Assim sendo, também por essas razões, a defesa nos crimes ambientais é desafiadora, na medida em que as ações penais são instruídas com provas documentais pré-constituídas, produzidas unilateralmente pelos próprios órgãos estatais. De modo ilustrativo, é possível citar os laudos periciais elaborados pelos Institutos de Criminalística ou as atuações decorrentes das vistorias realizadas pelos agentes de fiscalização. Como os atos administrativos são dotados de presunção de legalidade e veracidade, na prática, caberá ao próprio acusado comprovar a inexistência de autoria ou materialidade, em que pese a garantia constitucional da presunção de inocência.
No caso de crimes cometidos por pessoas jurídicas, também é comum a inclusão, no polo passivo, de todas as pessoas físicas constantes no quadro societário da companhia, sem a análise da efetiva participação ou do poder fático de gestão do acusado no respectivo departamento da empresa, pleiteando-se a responsabilização de maneira objetiva, unicamente pela posição social ocupada no empreendimento.
Somado a isso, as práticas ambientais ilícitas são pouco evidentes, sobretudo para o empresário, avesso a certas formalidades, ante a baixa harmonia regulatória com o dinamismo da atividade empresarial. Por essa razão, uma eventual imputação pode surpreendê-lo, considerando as dificuldades de representação de certas proibições, como, por exemplo, a emissão de ruídos sonoros em patamares superiores aos permitidos ou o lançamento de certas substâncias químicas nos processos empregados na atividade produtiva. Na verdade, salvo nos casos de reiteração infracional administrativa, figurar como réu em um processo criminal ambiental, em razão de práticas realizadas no contexto de uma atividade econômica lícita, não é uma hipótese representada pelo empreendedor.
Em meio a esse cenário, considerando-se o exíguo espaço para o oferecimento de resistência efetiva em um processo criminal, a atuação preventiva, de modo a monitorar os riscos e adequar as práticas às regras normativas em matéria ambiental, é a solução mais eficiente para evitar imputações por crimes nessa seara, sendo recomendável a estruturação de programas de integridade. Com efeito, a atuação interdisciplinar de um departamento incumbido de adequar as práticas da empresa às normas ambientais vigentes pode evitar a sujeição do empreendimento ao pagamento de multas administrativas, bem como blindá-los dos gravosos danos reputacionais decorrentes de um processo penal, especialmente com a crescente exigência mercadológica de adequação aos padrões ESG (Environmental, social and governance).

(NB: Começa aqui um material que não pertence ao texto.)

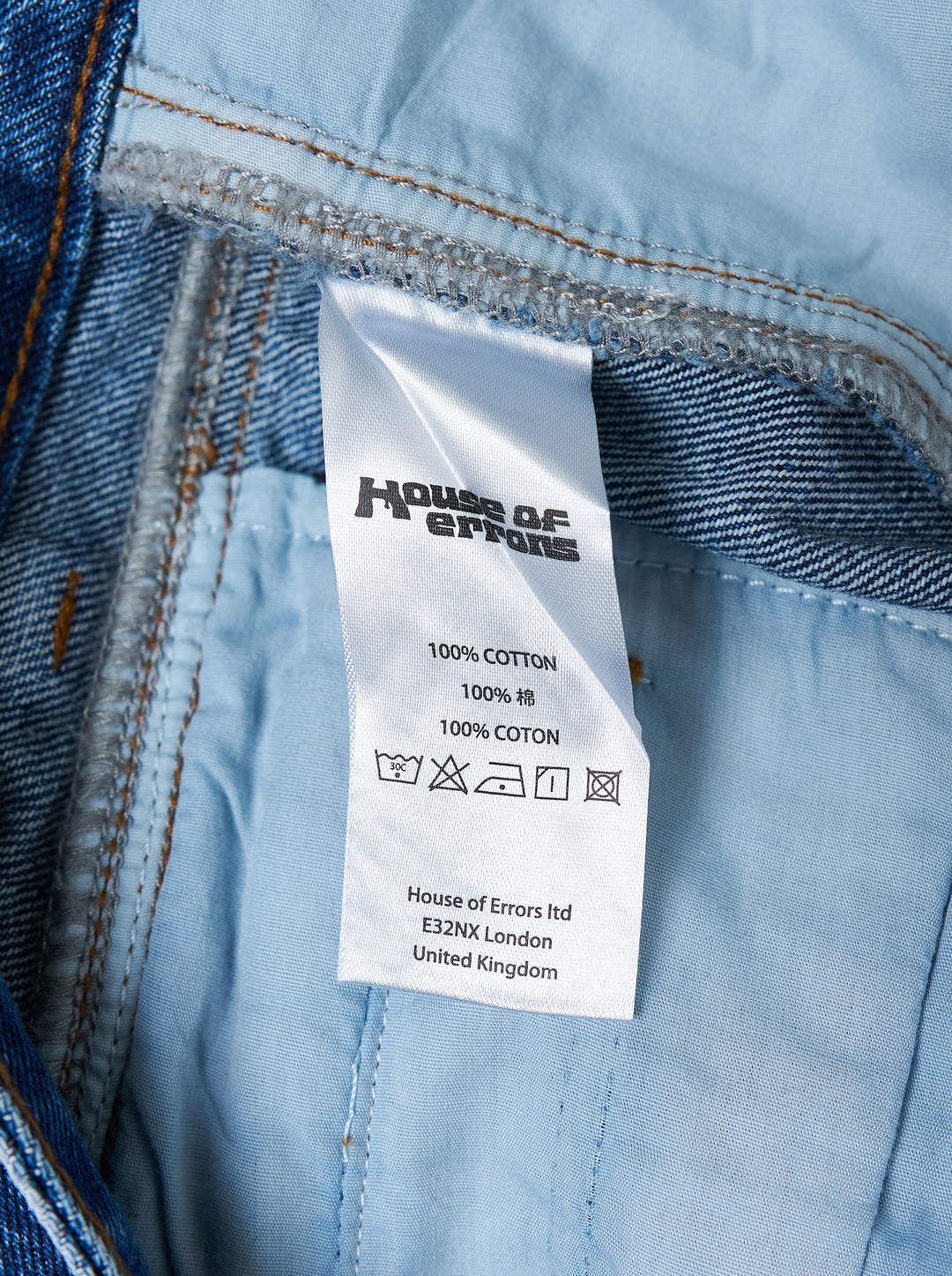 House of Errors Crown Jeans in mid-wash blue denim with whiskered fading, wide-leg cut and gold-tone engraved button, shown flat from the front - view 5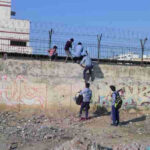 Students of a government school in Delhi cross high walls and barbed wires to abscond from the school. School education is bad and teachers have no control on students. Photo: Rakesh Raman / RMN News Service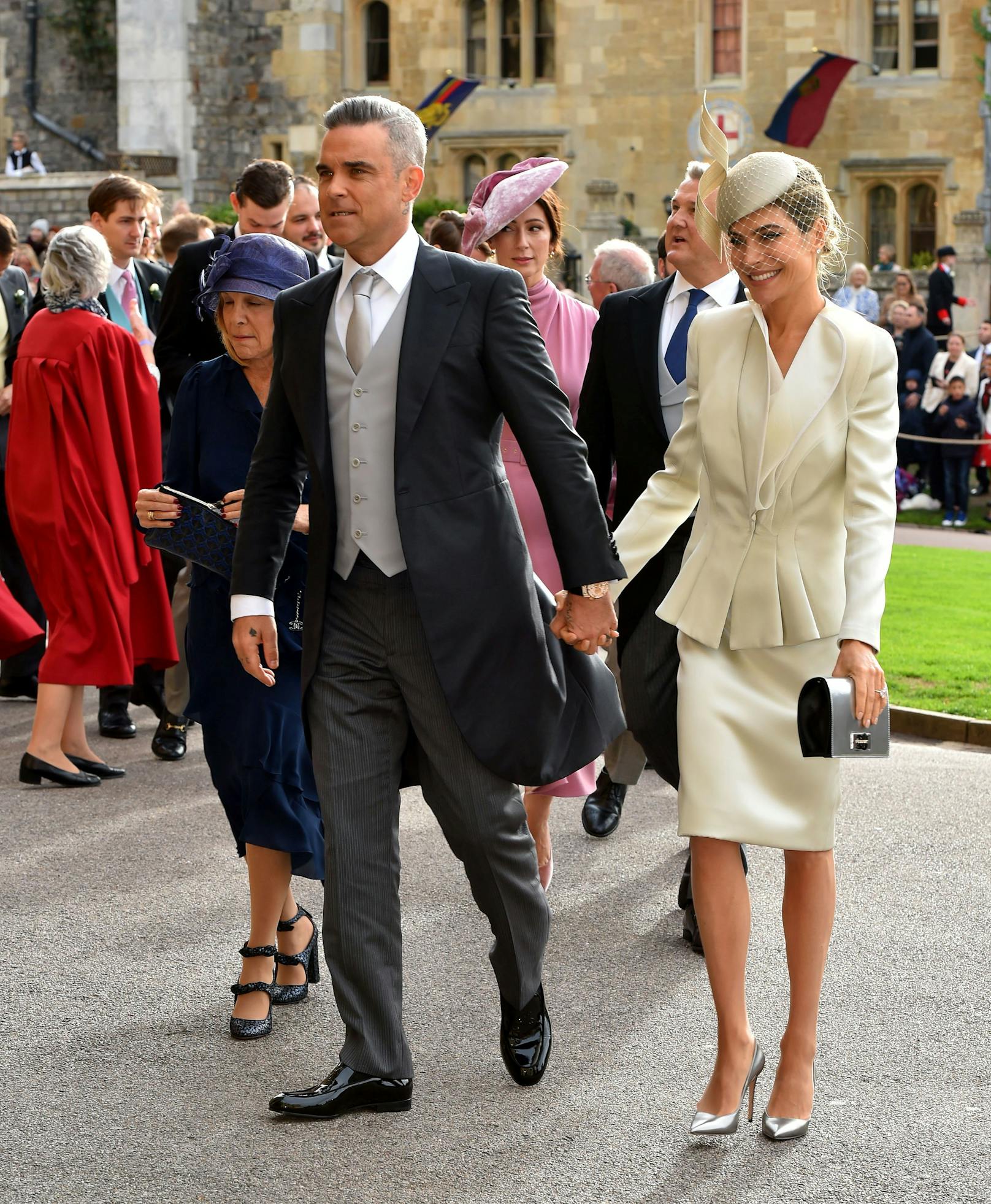 Robbie Williams und Ayda Field zeigen sich gerne zusammen in der Öffentlichkeit - wie hier bei der royalen Hochzeit von Prinzessin Eugenie und Jack Brooksbank 2018.
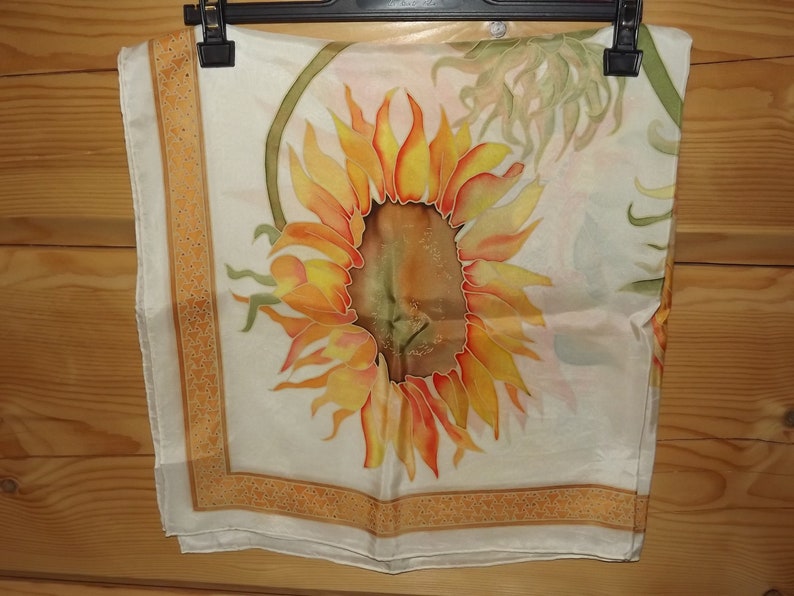 May include: A white silk scarf with a hand-painted sunflower design. The sunflower is yellow, orange, and brown with green leaves. The scarf has a gold border with a geometric pattern.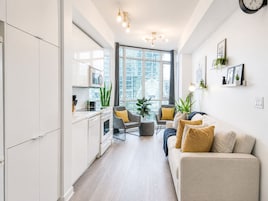 Cocina moderna con armarios blancos, microondas y estufa. Hay un área de comedor con sofá gris y cojines amarillos. La habitación tiene ventanas amplias y vistas a edificios.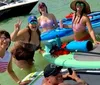 A group of cheerful people are enjoying themselves on paddle boards and in the water near a boat posing for a group photo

Além disso, para equilibrar as forças na construção da hipótese acusatória, afigura-se extremamente útil a tomada de uma posição defensiva logo após a ciência da existência de processo administrativo, de modo a viabilizar a produção de provas pelo próprio autuado, garantindo-se uma melhor compreensão da realidade dos fatos e, eventualmente, minimizando a sanha punitiva estatal.
----------
1 "[...] Esta Corte admite a aplicação do referido postulado aos crimes ambientais, desde que a lesão seja irrelevante, a ponto de não afetar de maneira expressiva o equilíbrio ecológico, hipótese caracterizada na espécie." (STJ, AgRg no HC 519.696/SC, Rel. Ministro JORGE MUSSI, QUINTA TURMA, julgado em 21/11/2019, DJe 28/11/2019)
2 "[...] O delito previsto na primeira parte do artigo 54 da lei 9.605/98 possui natureza formal, sendo suficiente a potencialidade de dano à saúde humana para configuração da conduta delitiva, não se exigindo, portanto, a realização de perícia." (STJ, EREsp 1.417.279/SC, Rel. Ministro JOEL ILAN PACIORNIK, TERCEIRA SEÇÃO, DJe 20/04/2018).
3 STJ, AgRg no RMS 63567/MS, Rel. Min REYNALDO SOARES DA FONSECA, QUINTA TURMA, julgado em 10/08/2021, DJe 16/08/2021.